What the task requires:
Using the data below, restate exactly every line from the one with "Mandala Madness Wall Art Canvas Print" up to and including the one with "Zline MWOOTRH30BS Black". No picture belongs in it.

Material for the task:
========

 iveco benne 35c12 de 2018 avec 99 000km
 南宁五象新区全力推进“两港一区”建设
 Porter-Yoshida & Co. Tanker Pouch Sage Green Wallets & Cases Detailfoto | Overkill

========

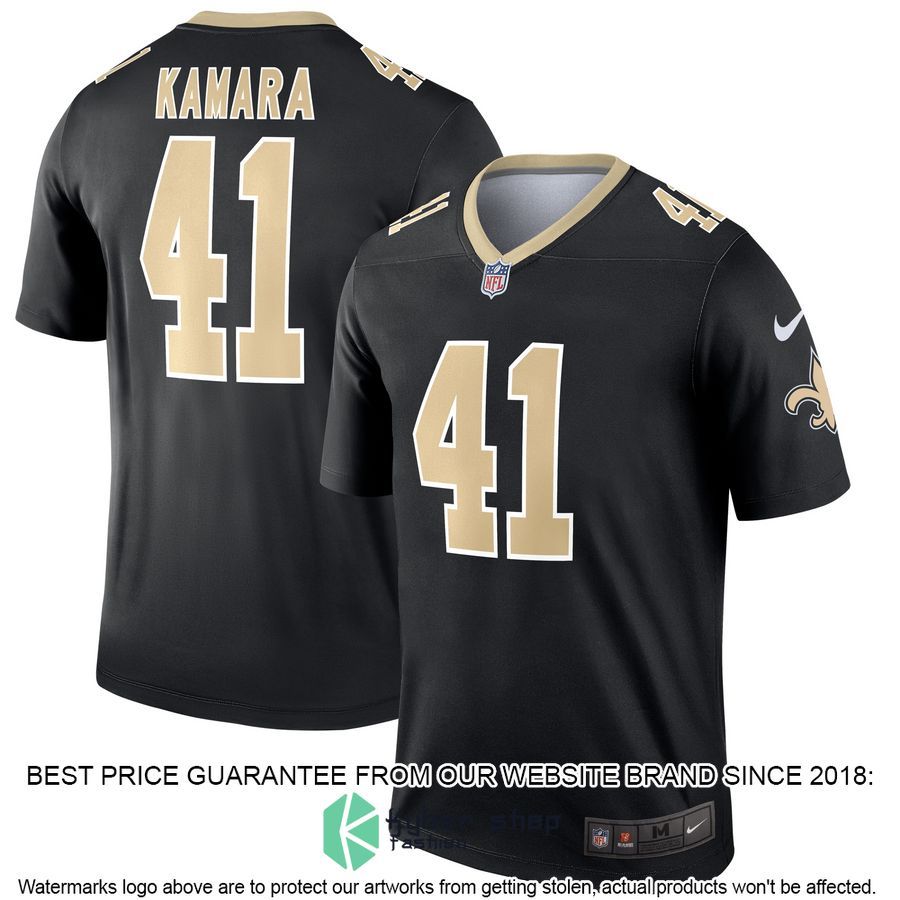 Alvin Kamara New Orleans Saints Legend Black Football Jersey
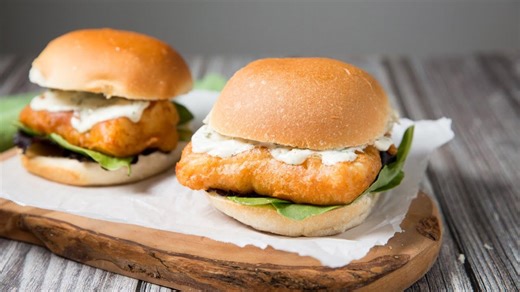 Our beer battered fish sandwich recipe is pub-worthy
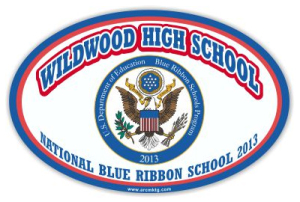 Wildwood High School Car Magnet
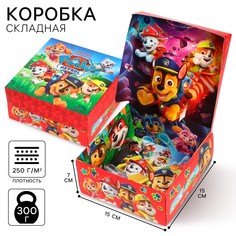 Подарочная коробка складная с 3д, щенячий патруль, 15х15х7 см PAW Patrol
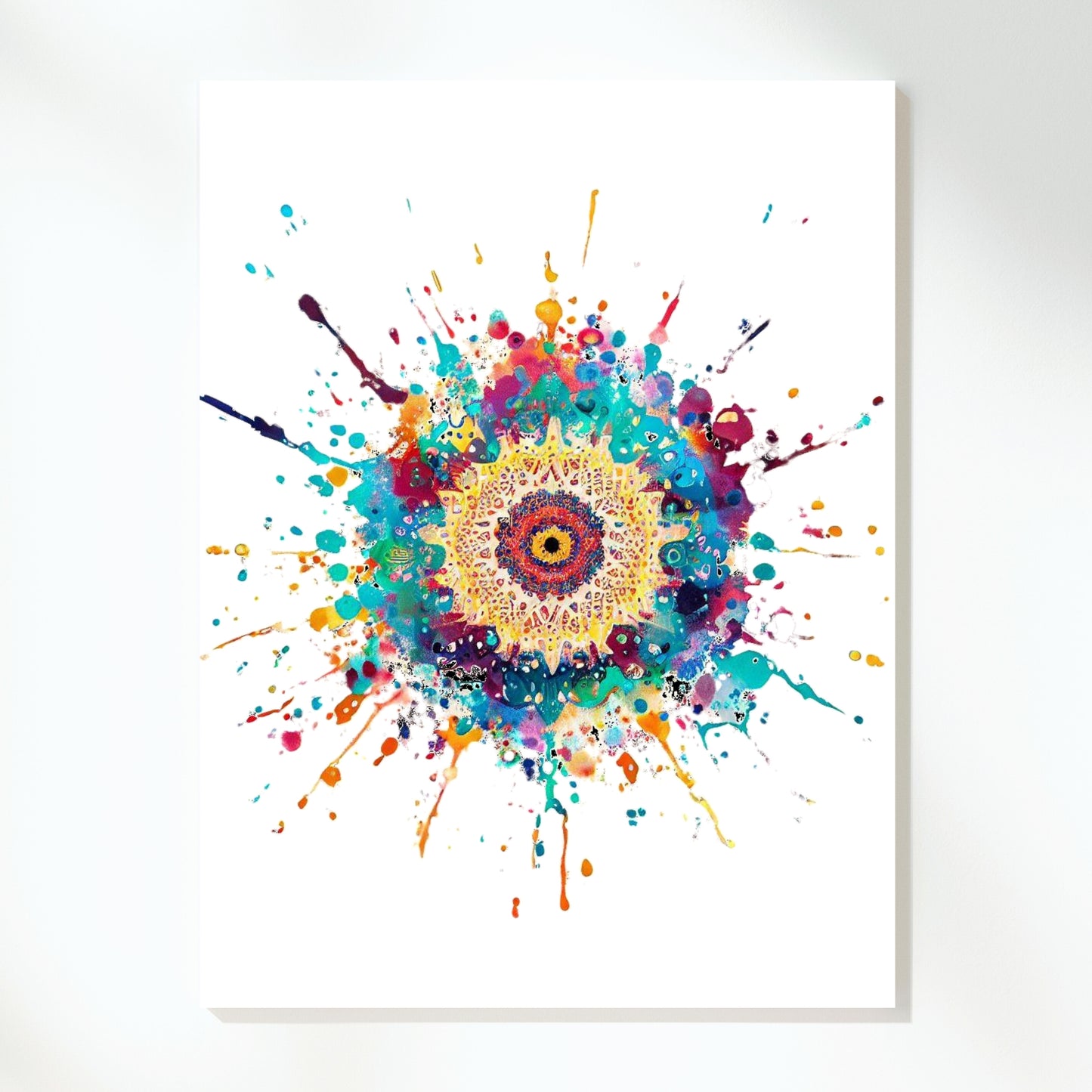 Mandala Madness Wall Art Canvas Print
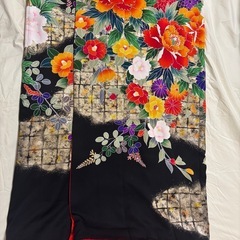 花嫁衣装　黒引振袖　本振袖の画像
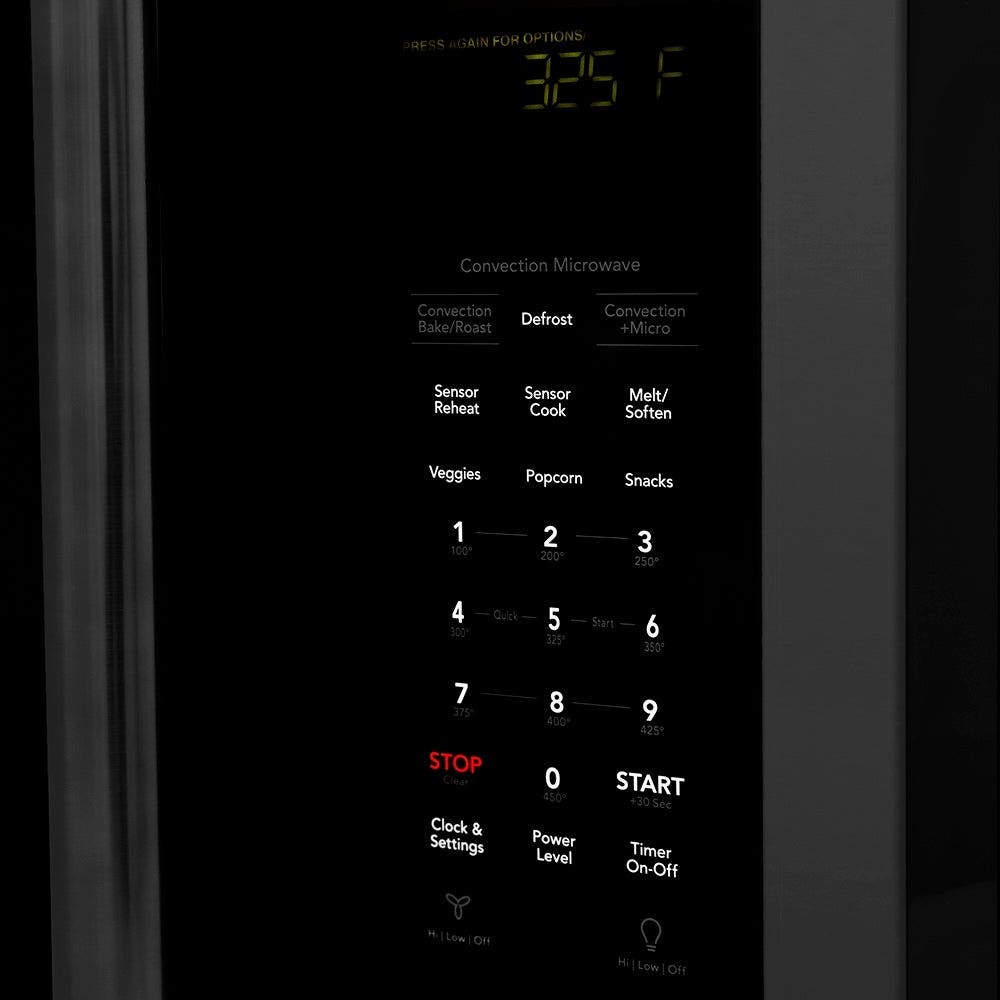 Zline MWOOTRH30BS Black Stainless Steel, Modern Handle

========

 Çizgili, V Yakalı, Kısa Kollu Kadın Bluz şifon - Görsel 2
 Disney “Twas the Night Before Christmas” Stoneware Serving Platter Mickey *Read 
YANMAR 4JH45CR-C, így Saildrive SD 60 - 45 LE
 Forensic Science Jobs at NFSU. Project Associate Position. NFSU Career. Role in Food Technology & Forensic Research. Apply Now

========

The completed task:
 Mandala Madness Wall Art Canvas Print
 花嫁衣装　黒引振袖　本振袖の画像
 Zline MWOOTRH30BS Black Stainless Steel, Modern Handle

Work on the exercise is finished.